Comment 1 Tomáš Nožička 2019-08-09 08:10:16 UTC

Ryan, getting new kubelet certs is done by running `recover-kubeconfig.sh` script - would you mind taking a look why it didn't?

Also I think you have made the `/etc/kubernetes/ca.crt` managed now (+1), so we probably don't need the hack

  # oc get configmap kube-apiserver-to-kubelet-client-ca -n openshift-kube-apiserver-operator --template='{{ index .data "ca-bundle.crt" }}' > /etc/kubernetes/ca.crt

the point is that QA should likely be using an updated steps, not 4.1, if we have those?

Comment 2 Ryan Phillips 2019-08-13 00:00:28 UTC

I'll take a look at the documentation steps.

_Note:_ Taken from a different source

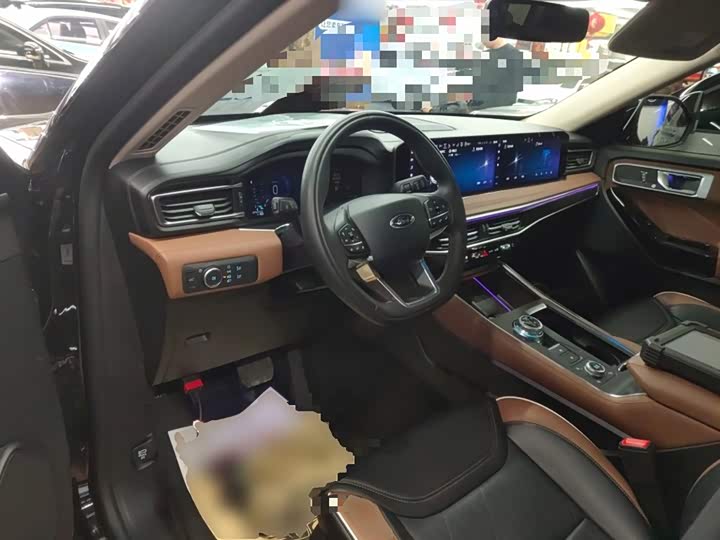 Фото 10 - Ford Explorer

Comment 3 Ryan Phillips 2019-08-13 15:16:55 UTC

Looks like the docs need to be updated to use /etc/kubernetes/kubelet-ca.crt. However, I'm still not getting a clean recovery. Still researching...

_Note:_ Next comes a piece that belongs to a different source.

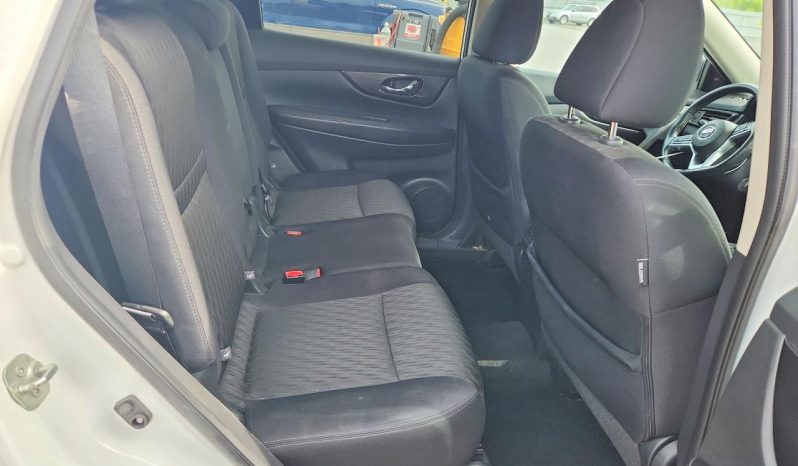 
NISSAN ROGUE SV, 2017 full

Comment 4 Ryan Phillips 2019-08-13 18:36:36 UTC

The CSR is requested but not auto-approved on my machine. `oc get csr` lists the pending csr and `oc adm certificate approve [csr-name]` will approve it. My cluster restored after these two tweaks.

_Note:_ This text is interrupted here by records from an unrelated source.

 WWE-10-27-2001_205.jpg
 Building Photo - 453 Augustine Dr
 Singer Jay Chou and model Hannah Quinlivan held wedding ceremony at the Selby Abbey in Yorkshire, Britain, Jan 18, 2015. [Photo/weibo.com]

I talked to Andrea on getting the doc updated for the correct kbuelet-ca.crt.

Comment 5 Ryan Phillips 2019-08-13 18:37:04 UTC

typo, kubelet-ca.crt

Comment 6 Ryan Phillips 2019-08-13 18:50:23 UTC

Docs PR: https://github.com/openshift/openshift-docs/pull/16229

Comment 7 Ryan Phillips 2019-08-14 18:06:42 UTC

Recovery script PR to use the internal URI endpoint: https://github.com/openshift/machine-config-operator/pull/1062

Comment 8 Ryan Phillips 2019-08-14 18:29:39 UTC

@zhou For this BZ a documentation patch has been generated and one MCO PR created to tweak the endpoint to use in `recover-kubeconfig.sh`. Depending on how the kubelet recovery is being tested the CSR may or may not get signed automatically. Step 12 goes over the CSR approval process within the recovery doc. Once the MCO patch merges, then this PR should be able to migrate to Modified.

Comment 10 zhou ying 2019-08-16 05:35:11 UTC

Confirmed with latest payload: 4.2.0-0.nightly-2019-08-15-205330, the issue has fixed.

Comment 11 errata-xmlrpc 2019-10-16 06:35:15 UTC

Since the problem described in this bug report should be
resolved in a recent advisory, it has been closed with a
resolution of ERRATA.

For information on the advisory, and where to find the updated
files, follow the link below.

If the solution does not work for you, open a new bug report.

https://access.redhat.com/errata/RHBA-2019:2922